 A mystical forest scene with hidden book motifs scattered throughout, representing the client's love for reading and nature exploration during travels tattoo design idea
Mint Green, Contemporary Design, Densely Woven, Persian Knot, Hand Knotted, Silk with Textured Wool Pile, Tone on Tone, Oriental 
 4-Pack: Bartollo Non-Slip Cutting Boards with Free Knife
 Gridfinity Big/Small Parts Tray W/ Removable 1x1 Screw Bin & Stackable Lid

* * * * * * * * *

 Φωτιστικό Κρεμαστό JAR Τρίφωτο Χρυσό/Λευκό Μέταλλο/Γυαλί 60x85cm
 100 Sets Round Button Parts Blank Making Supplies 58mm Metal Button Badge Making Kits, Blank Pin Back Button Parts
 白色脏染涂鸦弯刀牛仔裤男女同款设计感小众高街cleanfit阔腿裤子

* * * * * * * * *

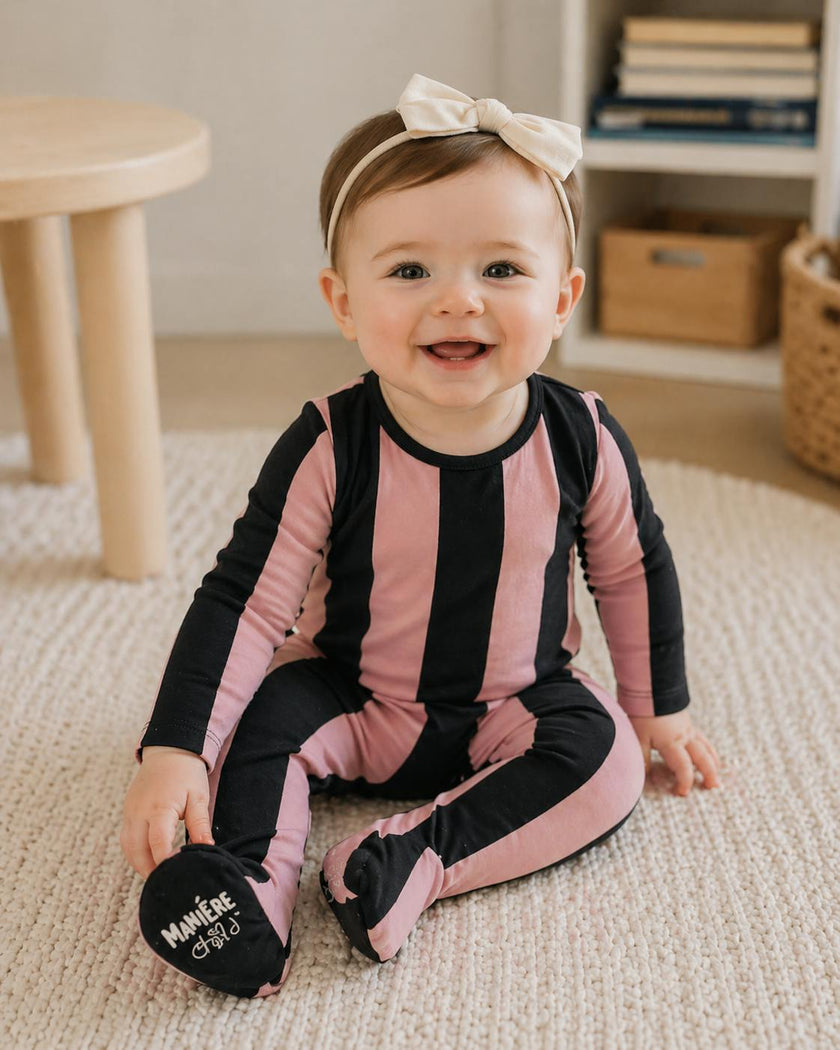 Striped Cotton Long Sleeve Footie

* * * * * * * * *

PROBLEM DESCRIPTION: Take the stretch of lines above from the one containing "Mint Green, Contemporary" through the one containing "Gridfinity Big/Small Parts" and repeat it exactly, adding no other line.

ANSWER SECTION:
Mint Green, Contemporary Design, Densely Woven, Persian Knot, Hand Knotted, Silk with Textured Wool Pile, Tone on Tone, Oriental 
 4-Pack: Bartollo Non-Slip Cutting Boards with Free Knife
 Gridfinity Big/Small Parts Tray W/ Removable 1x1 Screw Bin & Stackable Lid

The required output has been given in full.